Statistically insignificant.

They also stop you catching viruses — a study in the Journal of Medical Devices and Sensors in February 2021 found that ‘correctly wearing masks of all kinds… reduce[s] the overall risks of Covid-19 infection and enhance[s] general protection from coronavirus’.

Bullshit. Not one properly conducted study has supported this assertion.

So, the usual scaremongering clap-trap. I didn’t wear a mask before and I’m not about to start. If I catch a cold, I’ll drink plenty of fluids and take paracetamol. If it’s really bad, I might take to my bed for a day or two. I am not going to wear a fucking mask. I’m certainly not going to take any notice of this cherry-picking codswallop.

She’s getting ratioed in the comments, so the pendulum has swung on this one.

10 Comments

  1. In the bad old days of social distancing and mask wearing, I was in the socially distanced queue at my local Boots, wearing a mask and standing behind a smoker. How did I know he was a smoker? Well, I could smell him. I believe smoke particles are in the order of 10 times bigger than viruses. If the mask couldn’t stop smoke particles it had no chance against a virus.

    Masks were theatre, they were a visual sign of our compliance, nothing to do with stopping the virus.

  2. I’ve noticed a few timorous people wearing masks in the supermarket.

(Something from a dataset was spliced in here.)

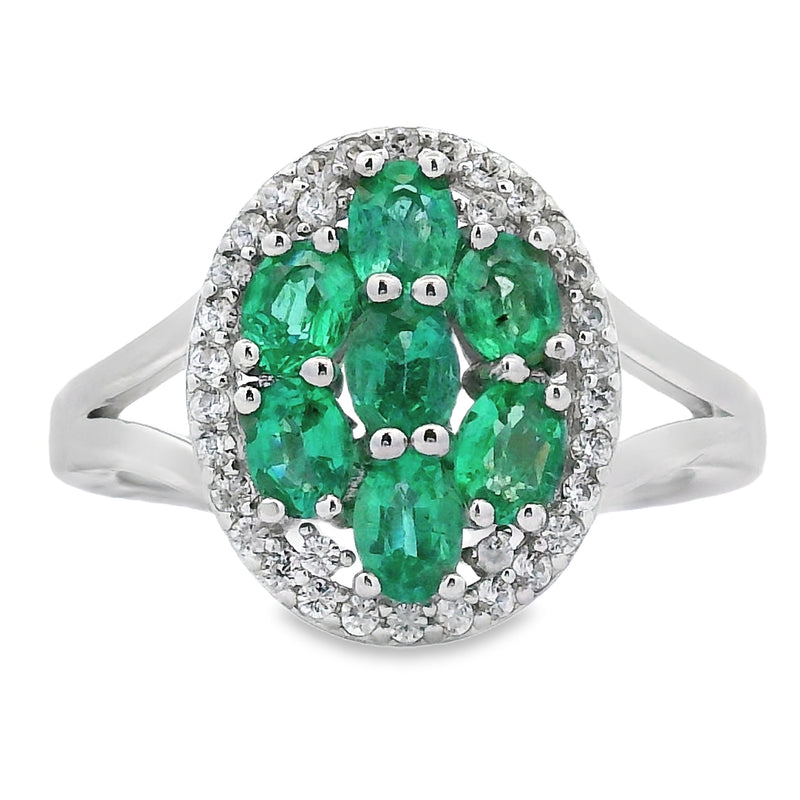 Bids.com 1.44ct Emerald Zircon Ring Sterling Silver Rings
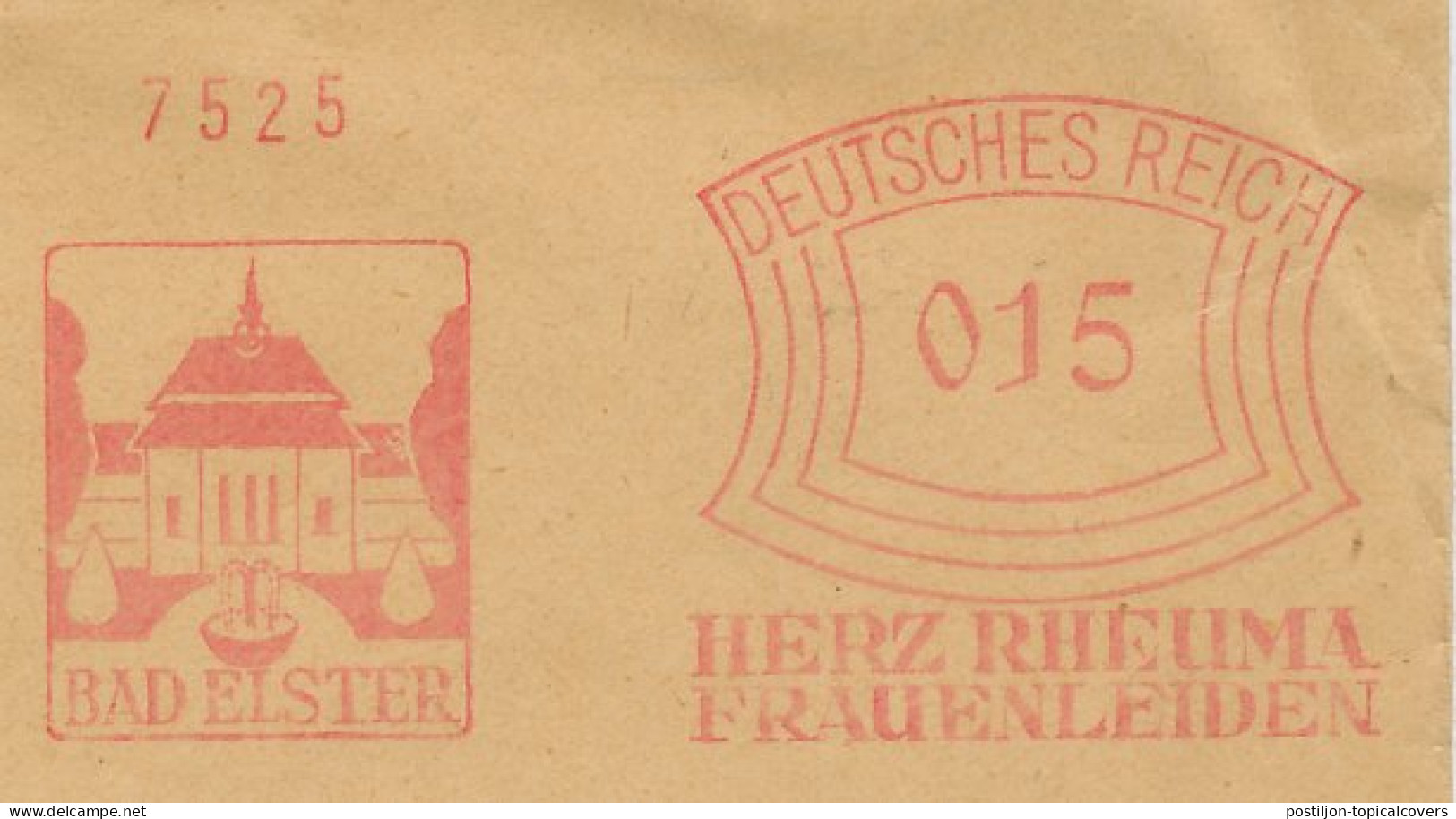 Meter Cover Germany 1930 Mineral Bath - Heart - Rheumatism - Women Suffer - Unclassified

Perhaps they felt especially at risk because their immune system was compromised. Whatever. However most of them wore the mask over their mouth but under their nose, so not being worn “properly”.

    So not impressed.

    NB. You can still find places where iron railings were taken away for scrap to help the ‘war effort’. It is said that the scrap was of little or no use other than the propaganda effect on social cohesion and ‘doing something’. Perhaps we should all be wearing ‘railings against the virus’? (satire)

  3. “I’m sick of experts”

    If you see that word in any article, then you can skip the whole bullshit article.

    The meaning of ‘expert’ is

    Ex = has been
    Spert = a drip under pressure

  4. I’ve been in close contact with lots of sniffling relatives over the festive period and haven’t succumbed to any cold bugs. As you say, at 65 I’ve sampled a lifetimes worth of cold and flu bugs and seem to have built up a pretty good defence. I saw a couple wearing masks in Asda yesterday but overall most people seem to have abandoned them.

  5. The only upsides I can see with mask wearing is it helps with need to interact with ugly people and also helps screw with the government facial recognition bullshit.

    Stopping diseases? Naaah.

    The main reason a surgeon wears a mask is to prevent his saliva droplets from infecting the patient, it affords him no protection at all.

    • Yes. As a general rule, politicians are an ugly bunch of bastards. So, just about the only good thing about the time of mask-wearing was having the likes of the toothy tyrant of New Zealand or the ghastly Nancy Pelosi in the US with most of their mush covered with a mask.

      As far as the ‘benefits’ of wearing a mask are concerned, you’d probably find that tying a plastic bag over your head would protect you better from viruses than a mask. The downside of that, of course, is that you’d suffocate. But c’est la vie.

  6. “You can still find places where iron railings were taken away for scrap to help the ‘war effort’. It is said that the scrap was of little or no use other than the propaganda effect on social cohesion and ‘doing something’.”

    My father told me that the iron railings that had been ripped off all the house front gardens in his local town during the war were still piled up at the local scrap merchants yard for years after the war. They’d never even been shipped off anywhere let alone melted down. The scrap merchant did very well out it it though, he got to buy them all at a knock down price.